Similarly, curly braces can also be used for typeswitch:
typeswitch(<xml/>) {
  case node()
    return 'node'
  default
    return 'no node'
}

Annotations

The boolean functions true() and false() are now valid annotation values.

With the new fn:annotation-values function (which replaces inspect:function-annotations), you can retrieve the annotations of a function:

declare %local:deprecated(true()) function local:inc($n) { $n + 1 };

let $anns := function-annotations(local:inc#1)
where map:get($anns, xs:QName('local:deprecated'))
return 'Deprecated!'

Node Tests

Multiple element/attribute names can be specified in the element() and attribute() tests of axis steps:
(: returns all child elements named 'a' or 'b' :)
let $xml := <xml><a/><b/></xml>
return $xml/element(a|b)

Updated:

Multiple node tests can be supplied with an axis:
(: returns all descendant elements and comments :)
let $xml := <xml><a/><!-- abc --></xml>
return $xml/descendant::(element()|comment())

The name of the root element can be embedded in the document-node test:

let $xml := document { <world><country>...</country></world> }
return $xml instance of document-node(world)

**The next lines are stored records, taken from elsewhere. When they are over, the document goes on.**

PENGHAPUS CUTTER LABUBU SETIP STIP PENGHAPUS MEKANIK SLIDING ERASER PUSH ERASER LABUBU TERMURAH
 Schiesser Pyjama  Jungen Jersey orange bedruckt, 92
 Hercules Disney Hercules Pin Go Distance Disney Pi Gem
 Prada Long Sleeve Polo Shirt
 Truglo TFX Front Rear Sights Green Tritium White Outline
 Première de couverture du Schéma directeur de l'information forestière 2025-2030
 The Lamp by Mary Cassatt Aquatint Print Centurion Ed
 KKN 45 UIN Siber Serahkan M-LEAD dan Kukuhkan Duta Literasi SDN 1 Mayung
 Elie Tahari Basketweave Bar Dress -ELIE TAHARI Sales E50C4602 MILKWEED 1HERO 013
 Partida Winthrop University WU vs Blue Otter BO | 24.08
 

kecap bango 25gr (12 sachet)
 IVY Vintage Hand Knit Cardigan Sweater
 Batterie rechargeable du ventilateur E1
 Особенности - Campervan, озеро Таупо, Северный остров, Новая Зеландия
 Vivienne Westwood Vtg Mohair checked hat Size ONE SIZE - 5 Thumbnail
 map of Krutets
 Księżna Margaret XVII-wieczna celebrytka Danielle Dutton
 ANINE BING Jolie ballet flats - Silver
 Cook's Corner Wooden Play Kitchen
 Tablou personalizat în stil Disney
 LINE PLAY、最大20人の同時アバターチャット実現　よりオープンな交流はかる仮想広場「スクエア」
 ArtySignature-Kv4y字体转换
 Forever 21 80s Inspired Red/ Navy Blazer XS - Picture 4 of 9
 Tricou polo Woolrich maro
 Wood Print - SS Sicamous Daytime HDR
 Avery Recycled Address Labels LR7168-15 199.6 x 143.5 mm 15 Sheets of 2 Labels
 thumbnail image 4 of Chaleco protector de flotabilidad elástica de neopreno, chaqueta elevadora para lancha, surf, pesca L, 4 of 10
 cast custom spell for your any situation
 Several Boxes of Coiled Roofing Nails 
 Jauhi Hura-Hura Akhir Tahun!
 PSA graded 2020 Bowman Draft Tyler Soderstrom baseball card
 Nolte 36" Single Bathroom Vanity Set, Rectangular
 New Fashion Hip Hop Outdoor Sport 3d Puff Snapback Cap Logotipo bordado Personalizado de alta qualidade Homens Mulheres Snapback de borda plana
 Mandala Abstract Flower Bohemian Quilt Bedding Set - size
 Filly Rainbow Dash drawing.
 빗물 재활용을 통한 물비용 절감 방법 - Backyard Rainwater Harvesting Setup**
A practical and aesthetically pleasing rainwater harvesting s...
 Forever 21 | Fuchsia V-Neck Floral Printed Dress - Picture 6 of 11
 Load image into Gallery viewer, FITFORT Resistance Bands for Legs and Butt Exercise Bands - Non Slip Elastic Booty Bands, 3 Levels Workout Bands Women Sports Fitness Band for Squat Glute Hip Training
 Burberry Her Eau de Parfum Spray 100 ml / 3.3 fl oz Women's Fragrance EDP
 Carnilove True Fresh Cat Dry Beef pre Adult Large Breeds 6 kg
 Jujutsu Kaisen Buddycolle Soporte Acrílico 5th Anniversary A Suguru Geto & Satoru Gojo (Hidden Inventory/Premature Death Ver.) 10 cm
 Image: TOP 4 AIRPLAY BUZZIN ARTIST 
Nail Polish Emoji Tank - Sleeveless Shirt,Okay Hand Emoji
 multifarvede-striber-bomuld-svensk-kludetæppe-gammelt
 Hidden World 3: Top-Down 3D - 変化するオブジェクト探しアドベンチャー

The syntax is a shortcut for the existing document-node(element(world)) test.

FLWOR Expressions

For member

Iterating over an array has been simplified. The member keyword can be used to bind the members of an array to a variable:
(: returns (0, 1, 5) :)
for member $m in [ (), 1, (2, 3) ]
return sum($m)

For key and value

Similarly, with the key and value keywords, the components of map entries can be bound to variables. The following example returns 0, 1 and 5:

for key $k value $v in { 1: 'one', 2: 'two', 3: 'three' }
return $k || ': ' || $v
It is possible to omit either key or value.

Let Clause

When variables are bound with the let clause, and when a type is specified, the input is now coerced (i.e., converted) to the target type:
let $name as xs:string := <name>Midori</name>
return $name
With XQuery 3.1, this expression would have been rejected, as the node could not be treated as string.

While Clause

Added: New clause.

With the while clause, an iteration is interrupted as soon as a condition fails:
for $i in 1 to 100000000000
while ($i * $i) < 10
return $i
This construct has advantages over where if it is known that no more results are to be expected after the first negative test.

Window Clause

The window clause has become more flexible. The start condition can now be omitted, as well as the when keyword (which both default to true()). The following expression…
for tumbling window $w in (2, 4, 6, 8, 10, 12, 14)
  (: start when true() :)
  end $last when $last mod 3 = 0
return <window>{ $w }</window>
…returns:
<window>2 4 6</window>
<window>8 10 12</window>
<window>14</window>
For the following query…
for sliding window $w in 1 to 3
  start at $s (: when true() :)
  end at $e when $e - $s eq 2
return array { $w }
…you get:
[ 1, 2, 3 ]
[ 2, 3 ]
[ 3 ]

Types

Alternatives

With the new “Choice Item Type”, multiple types can be specified as a single type. An item matches this type if it matches one of the alternative target types. The following function accepts a string or an integer:
declare function local:number(
  $value  as (xs:integer|xs:string)
) as xs:integer {
  if ($value instance of xs:integer) then (
    $value
  ) else (
    parse-integer($value)
  )
};
local:number('123')
If none of the types match, the argument will be converted to the target types in the given order. Once a conversion succeeds, the converted value becomes the effective value. This means that the order is important in which the types are specified. For example, if the function above is invoked with the element <value>123</value>, the effective value will be an integer. If the two target types are swapped, the value will be a string.

Enumerations

The type system has been extended to restrict a string argument to an enumeration of strings. The following function can only be called with one of the specified continent names:
declare function local:country(
  $name       as xs:string,
  $continent  as enum('Africa', 'America', 'Asia', 'Australia', 'Europe')
) as element(country) {
  <country name='{ $name }' continent='{ $continent }'/>
};
local:country('Ghana', 'Africa')
Note that a string is not an instance of an enumeration. In the given example, the supplied string Africa is not an instance of enum('Africa', 'America', 'Asia', 'Australia', 'Europe'). Instead, it is converted to an instance of the enumeration type when the above function is called.

Record Types

Added: Record types added.

With record types, the structure of a map can be further defined. A record type contains a list of keys with optional types, and an optional wildcard, with allows abitrary other map entries. For example, the following test returns true:
{
  'latitude' : -17.8292,
  'longitude': 31.0522,
  'info'     : 'Harare'
} instance of record(
  latitude   as xs:decimal,
  longitude  as xs:decimal,
  *
)
With Record Declarations, record types can be named.

Type Declarations

Added: Type declarations added.

With the arrival of Alternatives and Enumerations, the definitions of types can become pretty verbose. Type declarations can be used to counter that: Names can be assigned to such types, and the names can be used anywhere in the code, for example in function declarations…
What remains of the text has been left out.